R. P. Jenkins, Esq.
24 June 1861
Volume 4, page 126, sitting number 4576.
[Identified in the Silvy daybooks and on the album page as 'R.P. Jenkins,' this is probably Richard Palmer Jenkins of the Bengal Civil Service.]
Born in Calcutta on 14 January 1826, Richard Palmer Jenkins was the eldest son of Richard Castle Jenkins, who served with the army in Bengal. His mother was Anna Bazett Catherine née Palmer, daughter of John Palmer of Calcutta, the most influential and wealthiest British merchant in British India for the first three decades of the nineteenth century. The ‘agency house’ he founded was involved in banking, the opium business, shipping, plantation agriculture and global trade. ‘When his firm went bankrupt in 1830, thousands of people, European and Indian, were ruined, triggering the worst commercial crisis in British India up to that time’ (Anthony Webster, The Richest East Indian Merchant, 2007).

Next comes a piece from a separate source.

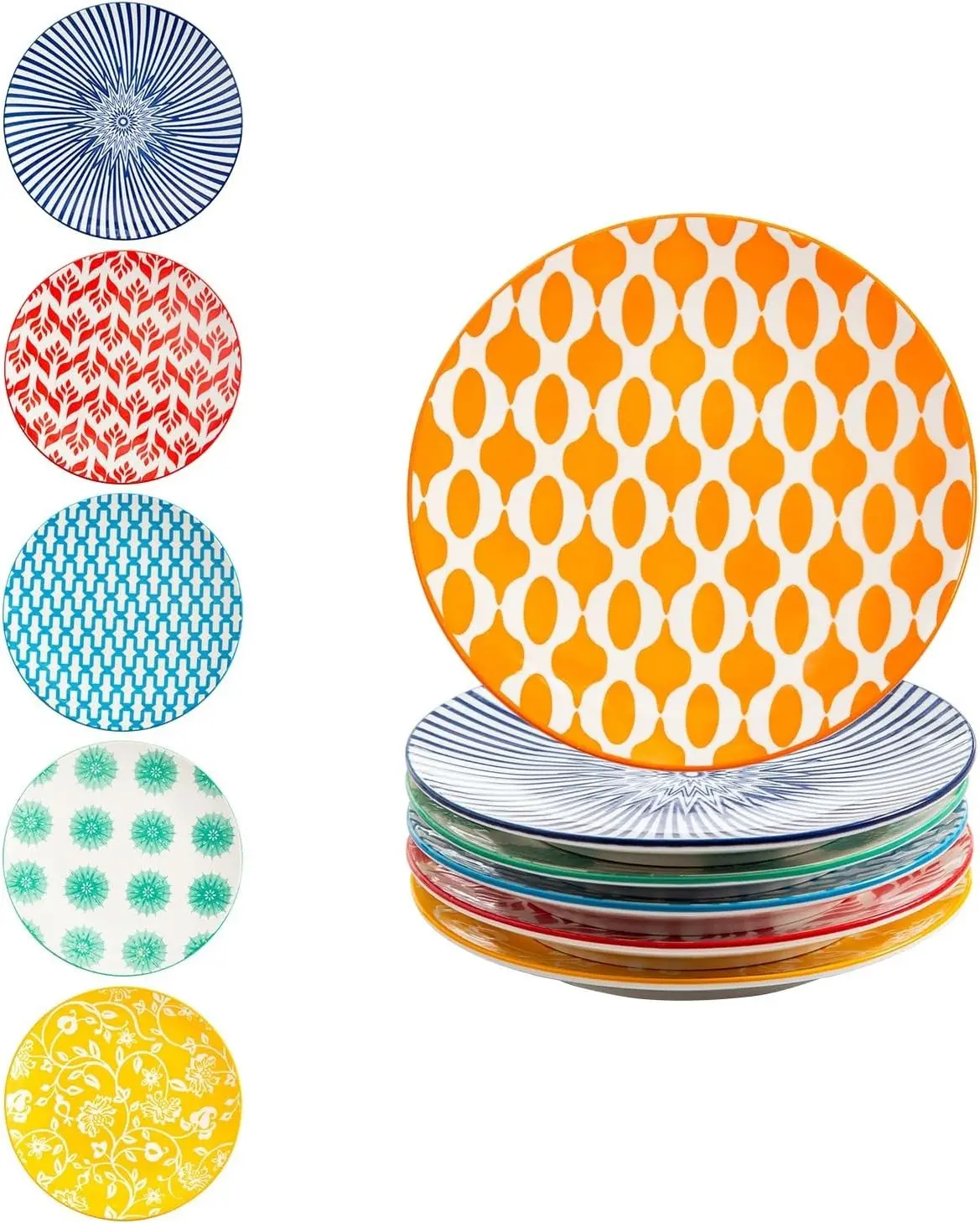 6 Inch Ceramic Mini Dessert Plates Set of 6 | Small Appetizer Plates for Kitchen - Salad Plate for Cake Snacks Side Dish, Gift, Microwave Dishwasher Safe - Assorted Colors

Richard Castle Jenkins, the sitter's father, also became a merchant in India after he left the army but by the 1830s he had returned to England and bought Beachley Lodge near Tidenham in Gloucestershire. According to a gazetteer of 1868, the house was ‘pleasantly situated, […] commanding fine views of the Severn and the surrounding country.’ A few years later another gazetteer described it as ‘a fine seat.’
Following his education at Haileybury in Hertfordshire, a school for the children of East India Company employees, Richard junior joined the Bengal Civil Service, becoming a Commissioner in Patna.

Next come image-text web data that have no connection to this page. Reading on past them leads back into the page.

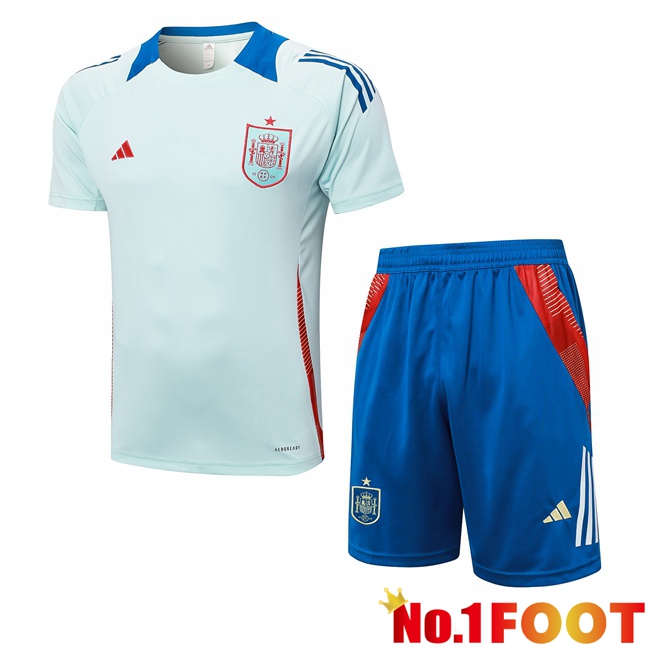 Spain kit Training T Shirt + Shorts Blue 2024/2025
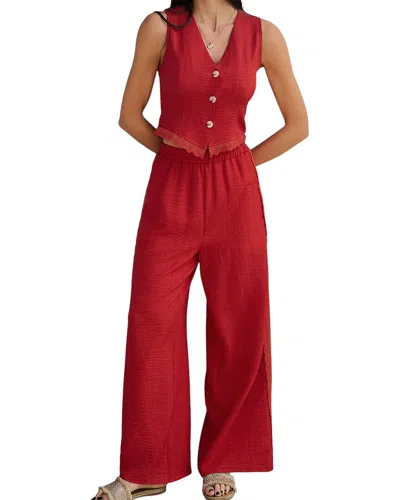 Luna Tuccini 2pc Vest & Pant Set In Red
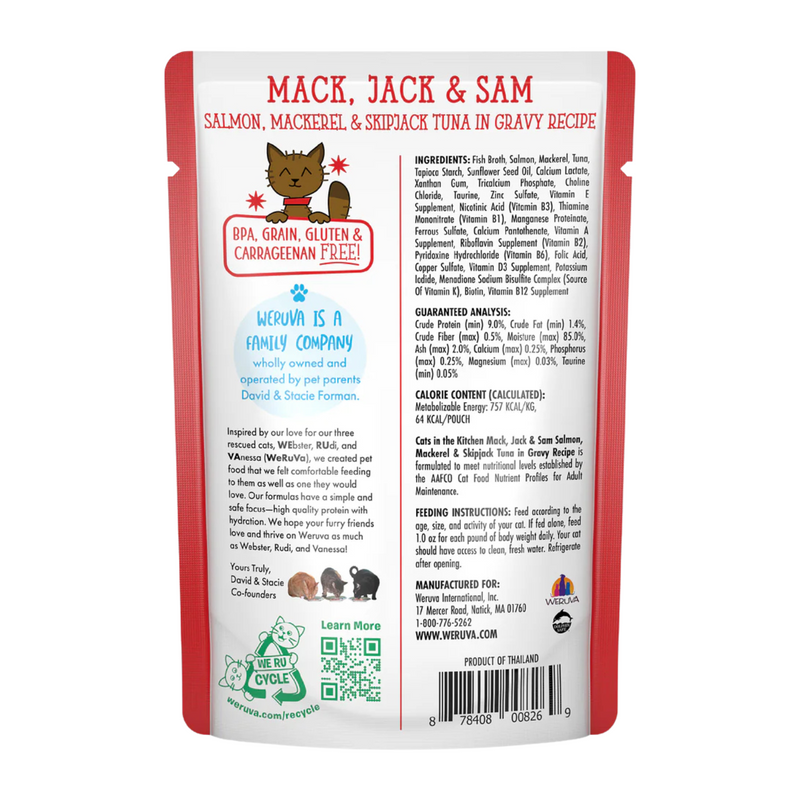 Chat Pouch - Chats dans la cuisine - Mack, Jack & Sam - Saumon, Maquereau et Skipjack Tuna à la sauce - 3 oz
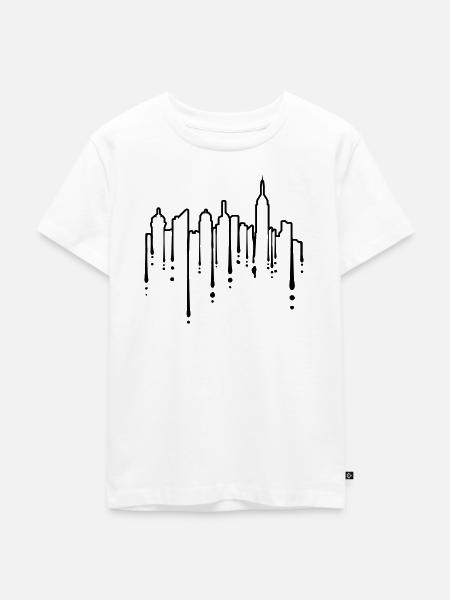 Silhouette Graffiti Hochhäuser - Kinder Premium Bio T-Shirt - Weiß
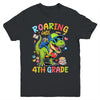 Roaring Into 4th Grade Back To School Boys T-Rex Dinosaur Youth Shirt | teecentury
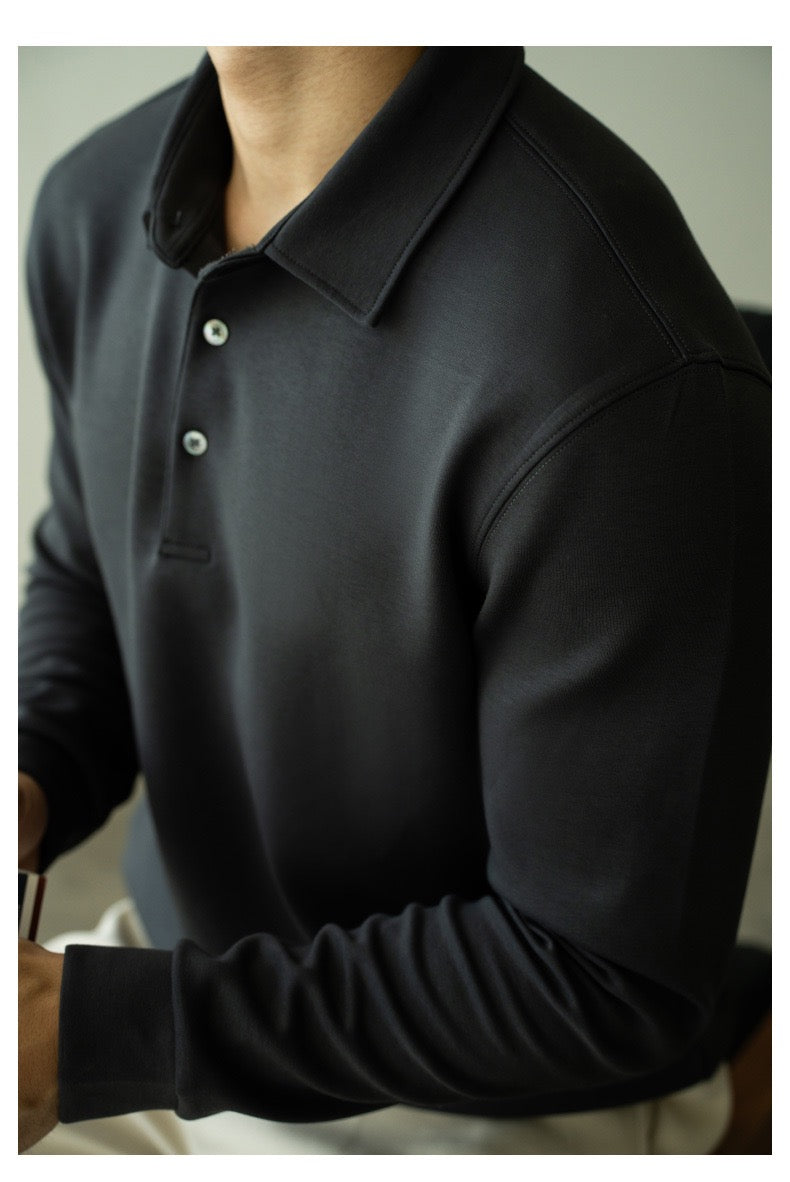 Thick buttoned long sleeve polo shirt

He began a period of extended leave in England in June 1859 (Homeward Mail from India, China and the East, 20 June 1859). When the census was taken on 7 April 1861 Richard was staying with his parents at Beachley Lodge near Tidenham in Gloucestershire. Later that year he was listed among the passengers travelling from Marseilles to Calcutta (Home News for India, China and the Colonies, 19 August 1861).
In 1876 in Scotland he married Mary Campbell Allen, eldest surviving daughter of Thomas William Murray Allen of Glenfeochan, Argyllshire.
In 1881 the couple were living at Beachley Lodge with Richard’s elderly parents. In 1891 he and Mary were renting Sedbury Park, Tidenham, a Georgian house designed by Sir Robert Smirke, who also designed the British Museum. Their household included a nephew called Robert and nine servants.
Richard Palmer Jenkins died on 1 October 1899 at Beachley Lodge, Tidenham. He left an estate valued at £40,402.